- Date: 20 September 2018 – October 2018
- Location: Darivit High School, Islampur, North Dinajpur, West Bengal, India
- Caused by: Appointment of Urdu and teacher instead of a Bengali teacher despite no Urdu-medium students
- Goals: Appointment of a Bengali language teacher
- Methods: Human chain; Protests; Highway blockade; Student agitation; Civil resistance;
- Status: Concluded
- Result: Police resorted to baton charge and firing; Urdu teacher detained, headmaster summoned, ongoing demands for CBI investigation

Parties
| Bengali students; Former students; Local youth; Guardians; | Police; chool administration; | Student organizations |

Lead figures
- Abhijit Kundu (Headmaster)

Casualties and losses
| 2 killed (Rajesh Sarkar, Tapas Barman); 12 injured (including Biplab Sarkar); |  | Unknown arrests |

= 2018 Bengali teacher recruitment movement =

In September 2018, a movement began at Darivit School in Islampur, North Dinajpur, West Bengal, demanding the appointment of a Bengali language teacher. The students began their agitation in protest of the appointment of Urdu-language teachers instead of Bengali teachers, despite the absence of a Bengali teacher. In opposition to such injustice against the Bengali nation, students of the school who cherished their mother tongue—both current and former—along with other youth of the village and groups of guardians, jointly participated in the movement. On 20 September 2018, the police resorted to baton charge and opened fire on the protestors. As a result, movement participants Rajesh Sarkar and Tapas Barman were killed. Additionally, a tenth-grade student, Biplab Sarkar, was shot and wounded—he was hit in the leg.

== Inception ==
Despite the necessity for a teacher in the subject of Bengali at Daribhit High School in the Islampur Block, an Urdu teacher was appointed instead of a Bengali teacher. Thereafter, the students erupted in outrage. They initiated a movement in protest of the appointment of an Urdu teacher, even though there was not a single Urdu-medium student in the school.

== Movement ==
In protest against the appointment of the Urdu teacher and in demand for a Bengali teacher, the students began demonstrating by blockading the state highway adjacent to the school. Although the acting headmaster of the school initially assured them that the Urdu teacher would not be brought to the school, when the Urdu teachers attempted to assume duty, the students remained adamant in their demand and did not allow the Urdu teachers to join the institution. Later, when the police arrived, the educational institution turned into a battlefield over this issue. In protest of this incident, the civil society of West Bengal held a protest march in Kolkata. Additionally, a 12-hour general strike was called in protest.

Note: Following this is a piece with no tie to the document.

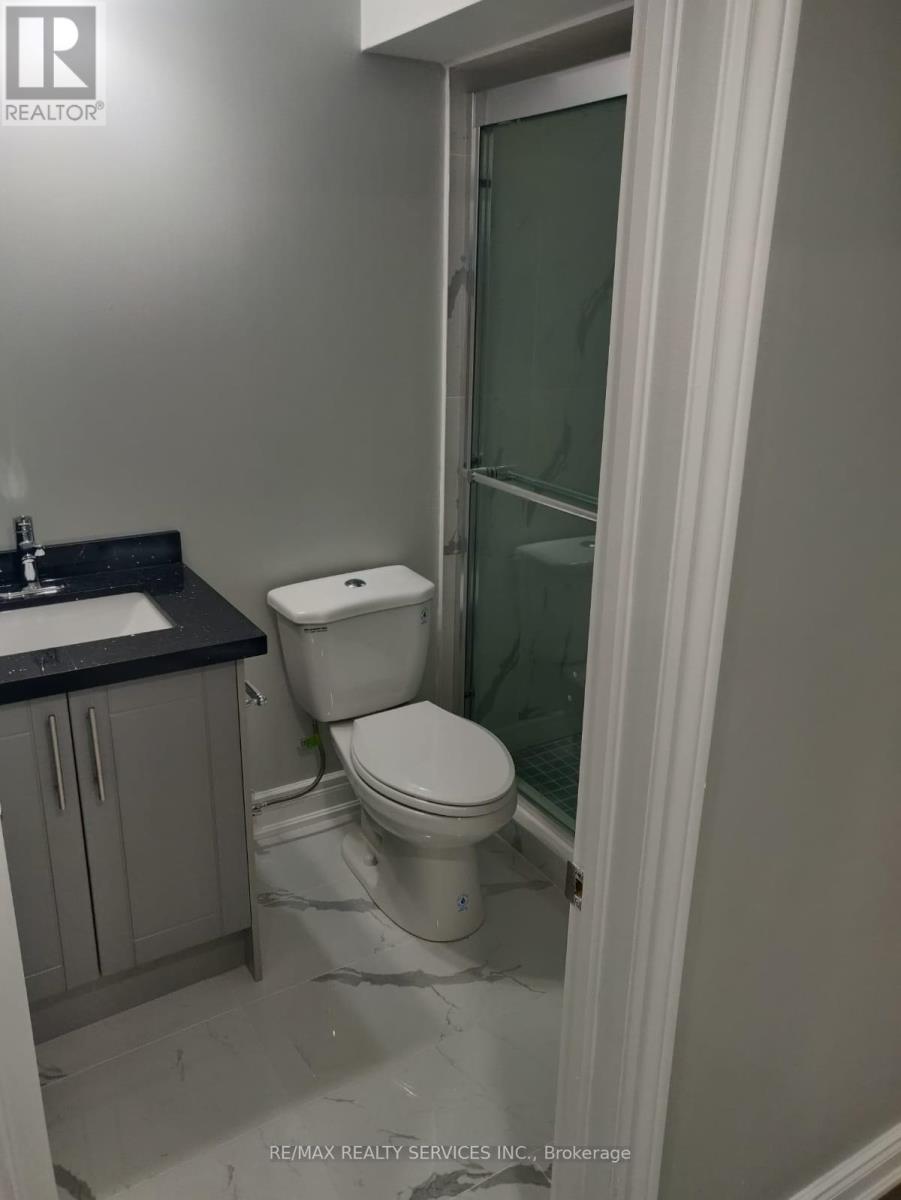 Basement - 4 Lackington Street, Brampton, Ontario  L6X 0R8 - Photo 11 - W13126288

== Post-movement developments ==

- The controversial Urdu teacher, Mohammad Sanaullah, was detained for interrogation. While attempting to join duty at Daribhit High School, he was twice confronted by agitating students’ demonstrations.
- The Board of Education summoned the headmaster of Daribhit High School, Abhijit Kundu, for negligence in the matter of teacher appointment.
- The families of the deceased, demanding a second post-mortem examination, did not cremate the bodies of Rajesh and Tapas, but instead buried them temporarily by the nearby Galancha River. They have demanded a CBI investigation.